With Laws in charge of the cuts as Chief Secretary, the coalition was more likely than not to succeed. Without him, this is far less certain. That is why the coalition is determined to let Laws act as an informal adviser to his far less experienced successor, Danny Alexander. After all, some Laws is better than no Laws. Some Tories argue that Laws should offer guidance behind the scenes before returning to the Cabinet in six months’ time.
The belief that one great man is essential to the success of an enterprise might seem as Victorian as the Gladstonian Liberalism that Laws was seen to represent. But he really was the lynchpin of this government. George Osborne believed that a Lib Dem Chief Secretary was essential so that both sides were bound into the cuts that will be necessary to bring down the deficit. In the coalition negotiations, Osborne pushed hard for a Lib Dem to take on this role. Laws was uniquely well-suited to the task. Not only did he have a fluency with numbers, but he also believed that the biggest challenge for the Liberal Democrats was to prove that they were capable of taking tough decisions.

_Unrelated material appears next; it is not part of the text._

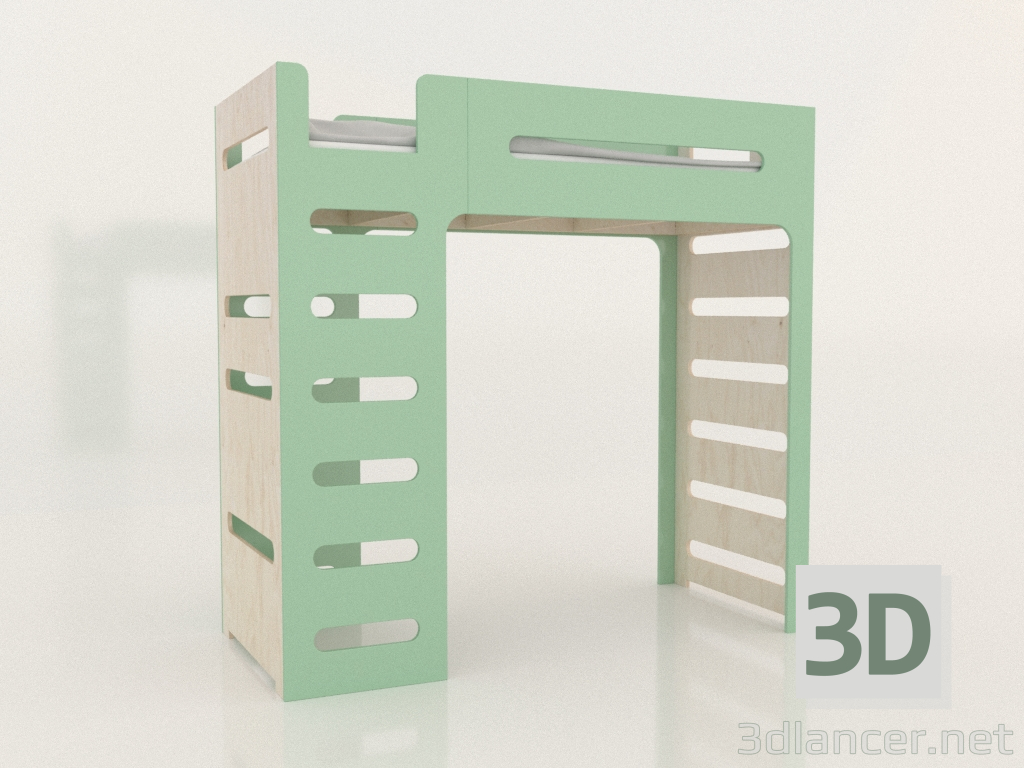 3d model Loft bed MOVE GL (FMMGL1) - preview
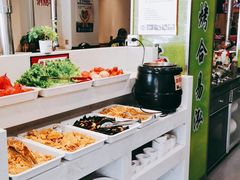 自助取餐区-合易泓烤肉•首创生椰大油边(宁山路店)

There was no danger that the Liberal Democrat Chief Secretary would act as a brake on deficit reduction. When officials mentioned to Laws that borrowing was lower than expected and tax revenues higher, he didn’t treat this as an opportunity to go slow on cuts.
He also reassured Tory MPs. Many of them worried that the coalition meant the Tory party was in office but not in power. But Laws’s readiness to make cuts and defend them against all comers was persuading many of them of the benefits of coalition. On Thursday night, one senior Tory backbencher told me that Laws’s performance so far had made him rethink his view that minority government would have been better than coalition.

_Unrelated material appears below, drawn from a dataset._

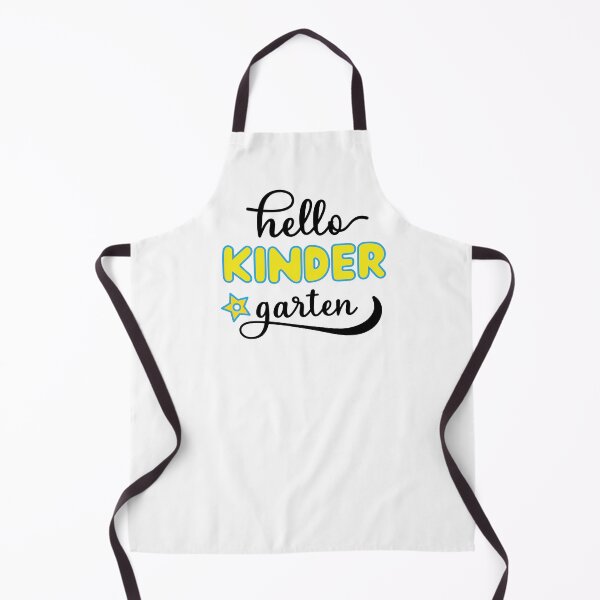 Item preview, Hello Kindergarten, Back to School designed and sold by ShutterKapan.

Crucially, Laws was also shifting the Liberal Democrats towards a more market-liberal position; making them more natural allies for the Conservatives. Up until the election, Vince Cable had sole dominion over Lib Dem economic policy. But since 7 May, Laws had been usurping him. Laws had persuaded the Lib Dem negotiating team — which did not include Cable — to demand that Labour agree to immediate cuts as a condition of coalition, reversing one of Cable’s signature policies.
As Chief Secretary, Laws was defining what was and what was not acceptable to his party. If things had carried on as they were, Laws would have been the man dictating the economics section of the next Lib Dem manifesto. Any economic policy devised by Laws would have been essentially compatible with the Tory one, as both would be based on the principles of market liberalism. With Laws gone, one cannot be certain of this. A Cable- or Huhne-inspired economic policy would differ far more fundamentally from Tory thinking.
There is, though, another argument: that the experience of losing Laws has brought the coalition parties closer together. As one Tory Cabinet minister put it to me, ‘families come together through bereavements’. The experience of Tories and Lib Dems standing side by side to try to defend Laws has bolstered the relationships between Tory and Lib Dem ministers and staff.
This fits a pattern, that the adversarial nature of British politics is driving the coalition partners closer together rather than apart. They are bonding under fire.